McClellan, one of the sport’s most ferocious punchers, stood in front of me at one point, talking to a doctor. Gerald had won easily, but he had a headache. It was just a little Azteca aside.
And then Mr. T arrived. Yes, that Mr. T. I now knew why the seat next to me in the front row – so close that when fighters went to the far side of the ring I could only see their shoulders and heads – had a sticker on it that said: ‘Mr. T’.
He worked his way through the crowd and to our position. He was wearing gold necklaces, swimming trunks and flip-flops. Mr. T would sit next to me for the Haugen and Chavez fight, a fight at the Azteca Stadium in front of 132,247 people. The Saturday before I had been in a school hall in Wembley for the quarter-finals of the National Schoolboy championships.
“They covered me in spit on the way to the ring and on the way from the ring,” Haugen told me the next morning. They did, I could see it, and it wasn’t the only bodily fluid that flew through the air.
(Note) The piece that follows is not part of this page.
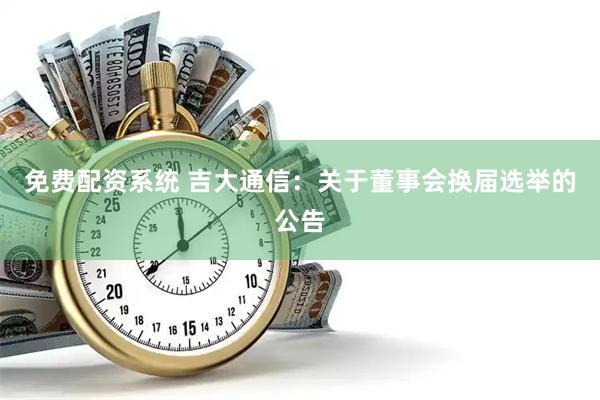 免费配资系统 吉大通信：关于董事会换届选举的公告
Haugen was an excellent fighter and had only lost on points and to good fighters before his hammering that night at the Azteca. Haugen had added to his pain by insisting that Chavez had only beaten Mexican taxi drivers. Chavez had called him a dog in the week of the fight and did so again when Haugen arrived at the post-fight conference. Make no mistake, Chavez was a cold human being – brilliant, ruthless and bloodthirsty in the ring.
Both Haugen and Chavez have battled demons on and off since that night. Nunn served 16 years of a sentence for cocaine possession. In 1995 McClellan required emergency surgery to remove a blood clot from the surface of his brain and he still needs full-time care. Norris has suffered terribly from his fights. Murphy is a volunteer at a gym in Minnesota. Zoom Zoom Nelson remains Africa’s greatest boxer. King is still promoting and waving flags. Mr. T still wears gold chains and pretends to remember sitting next to me at the Azteca. In March of this year I was due at a leisure centre near Milton Keynes to watch the quarter-finals of the Schoolboy championships.
The day after Chavez ruled as King of all Mexico – a song the Mariachi bands used as an endless serenade – I went to a bullfight with Angelo Dundee, the man who guided the great Muhammad Ali from the corner. “The bull has got more chance than Haugen had last night,” Dundee told me. He was right – it was indeed a fantasy trip.